Wabasha III (Wapahaśa) (c. 1816–1876) was a prominent Dakota Sioux chief, also known as Joseph Wabasha. He succeeded his father as head chief of the Mdewakanton Dakota in 1836. Following the Dakota War of 1862 and the forced removal of the Dakota to Crow Creek Reservation, Wabasha became known as head chief of the Santee Sioux. In the final years of his life, Chief Wabasha helped his people rebuild their lives at the Santee Reservation in Nebraska.

In 1862, Wabasha had opposed the Dakota uprising from the start but had struggled to gain support. In the final weeks of the war, Wabasha — together with Wakute II and Taopi — sent messages to Colonel Henry Hastings Sibley voicing their opposition to Little Crow and offering their assistance to the U.S. Wabasha's son-in-law, Hdainyanka, was one of the 38 Dakota men executed in Mankato, Minnesota on December 26, 1862.

In 1986, a bust of Chief Wabasha III was installed at the Minnesota State Capitol.

Succession as chief 
Before succeeding his father in 1836, Chief Wabasha III was known as Tatepsin, which is translated as "Upsetting Wind" or "Bounding Wind." 

Chief Wabasha II died during a smallpox epidemic that killed many in his Kiyuksa (Keoxa) band. 

Around the time that Tatepsin became chief, the Kiyuksa band was twice as large as any other Mdewakanton band.The Kiyuksa band migrated periodically between the mouth of the upper Iowa River and Lake Pepin, and hunted on both sides of the upper Mississippi River.

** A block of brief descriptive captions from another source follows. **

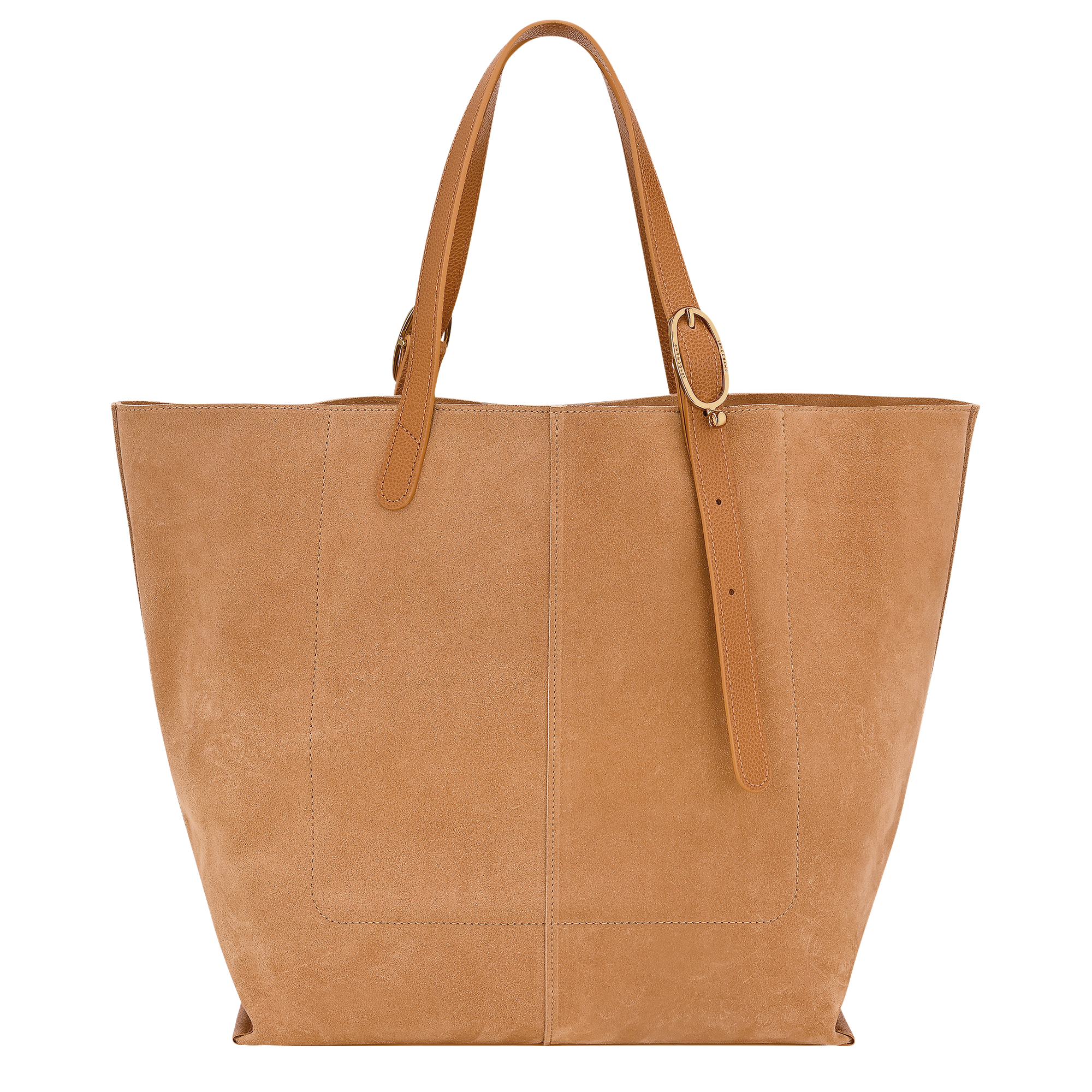 Complice Tote bag XL, Pecan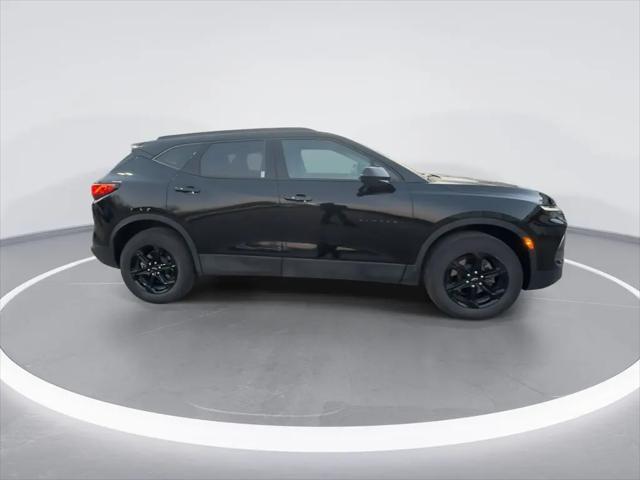 2023 Chevrolet Blazer FWD 2LT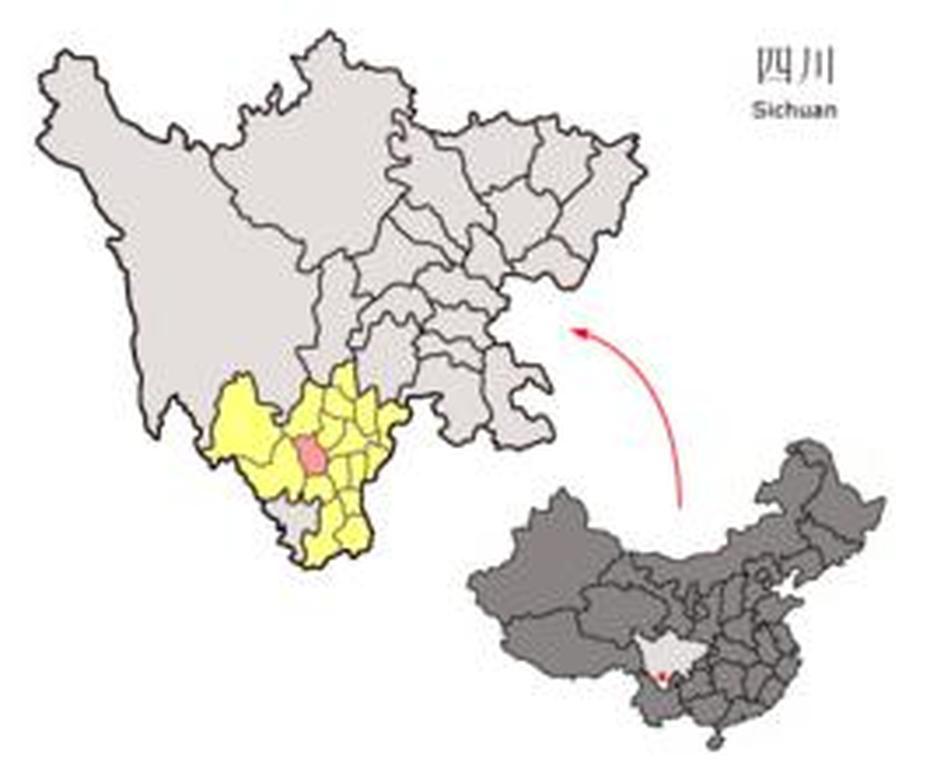 Chang’An, Hong Kong China On, Wikipedia, Xichang, China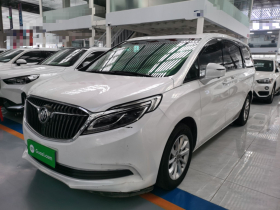 别克GL8 2018款 ES 28T 尊享型 国VI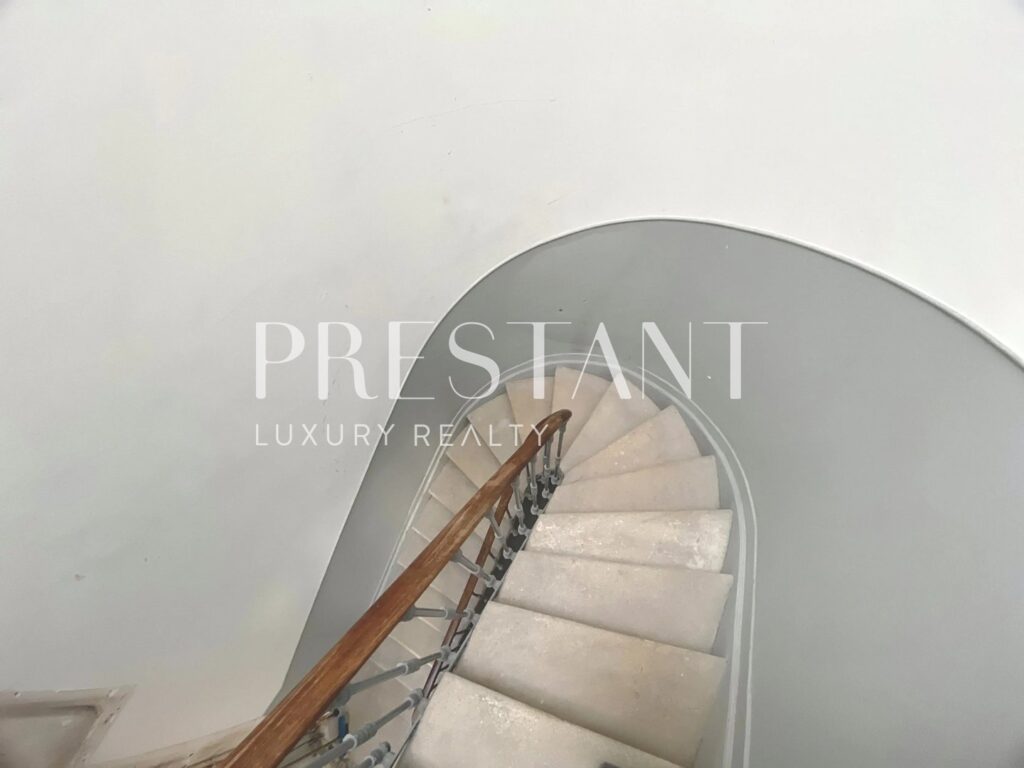 Appartement – 4 pièces – 3 chambres – 85 m²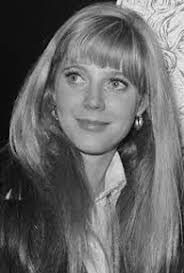 Blythe Danner (3 de Fevereiro de 1943)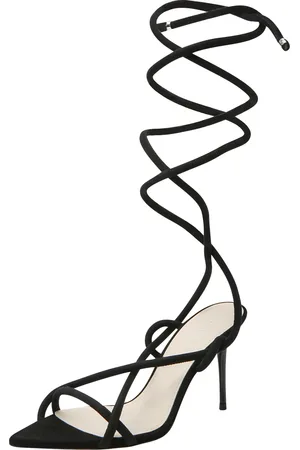 IRO Sandalias con hebilla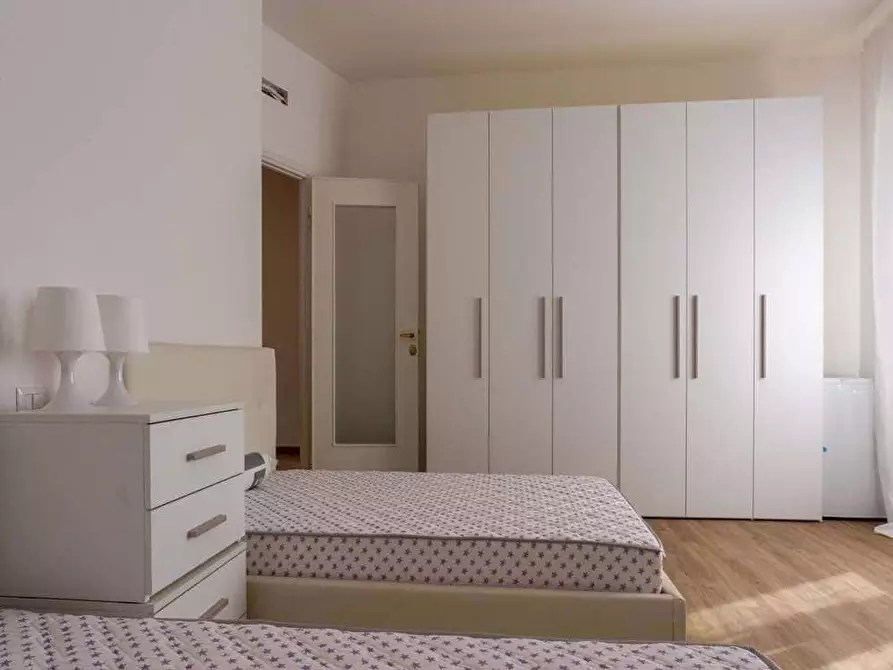 Immagine 7 di Camera in affitto  in Viale San Gimignano4 a Milano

Wabasha had extensive kinship ties to "mixed-blood" traders and settlers in the area. In 1842, Chief Wabasha III presuaded Indian agent Amos Bruce to employ his relative, James Reed.

Treaties 
On September 10, 1836, Tatepsin signed the fifth Treaty of Prairie du Chien with acting Indian agent Colonel Zachary Taylor. The treaty relinquished all Sioux claims to what is now northwest Missouri to the United States. 

Chief Wabasha signed the 1851 and 1858 treaties that ceded the southern half of what is now the state of Minnesota to the United States. These land sales began the removal of his band to the reservation on the Minnesota River.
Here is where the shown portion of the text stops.